## Dataset
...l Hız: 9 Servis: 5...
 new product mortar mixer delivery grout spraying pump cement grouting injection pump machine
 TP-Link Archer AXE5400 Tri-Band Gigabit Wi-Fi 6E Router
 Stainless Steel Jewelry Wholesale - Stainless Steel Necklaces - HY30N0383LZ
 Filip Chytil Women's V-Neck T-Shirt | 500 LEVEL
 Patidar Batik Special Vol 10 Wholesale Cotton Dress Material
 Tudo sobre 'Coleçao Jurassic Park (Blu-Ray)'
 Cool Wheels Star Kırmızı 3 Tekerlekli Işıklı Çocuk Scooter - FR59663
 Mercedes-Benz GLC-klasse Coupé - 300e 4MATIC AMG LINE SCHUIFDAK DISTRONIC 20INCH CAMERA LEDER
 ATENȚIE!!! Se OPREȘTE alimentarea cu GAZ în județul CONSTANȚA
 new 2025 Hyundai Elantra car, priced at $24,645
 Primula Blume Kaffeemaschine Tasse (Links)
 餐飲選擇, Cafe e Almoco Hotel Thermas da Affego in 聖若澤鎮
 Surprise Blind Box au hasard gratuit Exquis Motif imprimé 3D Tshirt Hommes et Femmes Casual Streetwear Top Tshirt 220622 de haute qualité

## Task to carry out
Search the data for "Wholesale". Copy each line that has it.

## Answer below
 Stainless Steel Jewelry Wholesale - Stainless Steel Necklaces - HY30N0383LZ
 Patidar Batik Special Vol 10 Wholesale Cotton Dress Material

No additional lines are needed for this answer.